The idea for my first book was planted when I was a foreign correspondent in Africa and discovered Selous’s papers in the Zimbabwe archives. The subject, a big-game hunter and imperialist of the Victorian age, posed challenges aplenty for modern opinion; but discovering for myself the Central African wilderness where Selous spent his life, in particular the sublime Zambezi valley; and exploring his paradoxical character – he was an early advocate of conservation, immersed himself in tribal society and acted as a restraining hand on the colonial ambitions of Cecil Rhodes – revealed more complex human layers. At bottom, Selous’s life was worth retelling as an adventure story, a galloping yarn. When jingoistic fervour was at its height he braved ferocious criticism for his spirited stand against the Boer War, before falling in action at the age of 64 in the Great War. He lies in the game reserve in modern Tanzania that bears his name.
 

Reviews 

“Stephen Taylor’s well-written biography provides a story in the Boys’ Own tradition. Frederick Selous was widely believed to have been the model for Rider Haggard’s hero, Alan Quatermain ... Taylor handles the ripping yarns as skilfully as he does the genesis of Selous’s rough existence on the frontier ... It is one of the author’s many achievements that he recreates the dangerous times of the great white hunter, and the attitudes and actions of imperialist settlers in black Africa while maintaining a historian’s distance from the values of the age ... The result is an integrated book and an excellent biography.”
Mark Cocker, The Sunday Times

 

“There is material here for a ripping biography; and Stephen Taylor’s life of Selous is indeed a spiffing yarn ... He has also written a comprehensive, witty and perceptive book.”

The Independent

 

“Stephen Taylor’s book is enthusiastic, sympathetic and admirably fair.

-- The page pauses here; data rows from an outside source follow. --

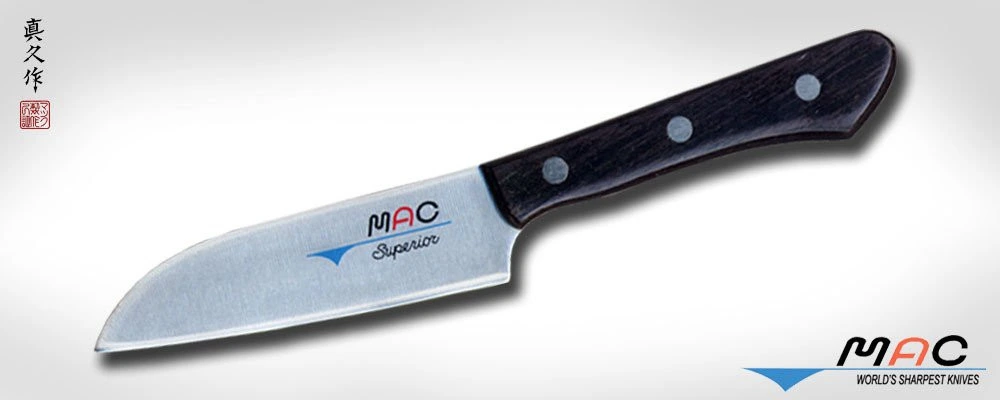 MAC - 4" Paring Knife - SK-40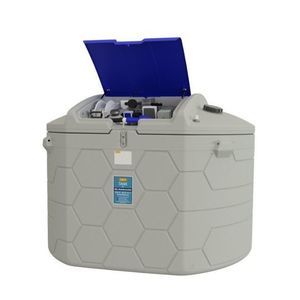 AdBlue tank 1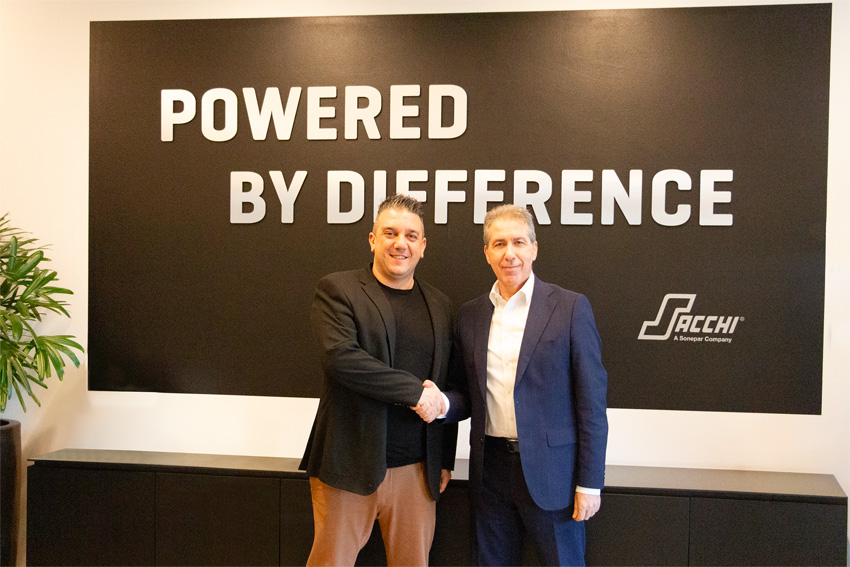 Marco Brunetti e Paolo Bonomini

He has brought alive a Victorian hero, an enigmatic, mythogenic figure ... a sportsman, enlightened imperialist, a keystone in the bridge between black and white races, an explorer of renown and a symbol for conservation.”

Scotland on Sunday

 

“Within a most competent and readable biography, his first book and worthy of his exciting subject, Stephen Taylor produces an excellent history of Southern Africa ... Taylor leaves us with all our boyhood enthusiasm and adds to it considerable admiration for Selous’s more serious role in Africa.”

The Birmingham Post

 

“Taylor’s biography is the first since J.G.Millais’s somewhat hagiographical work published in 1918. Readers will find it was worth the wait.”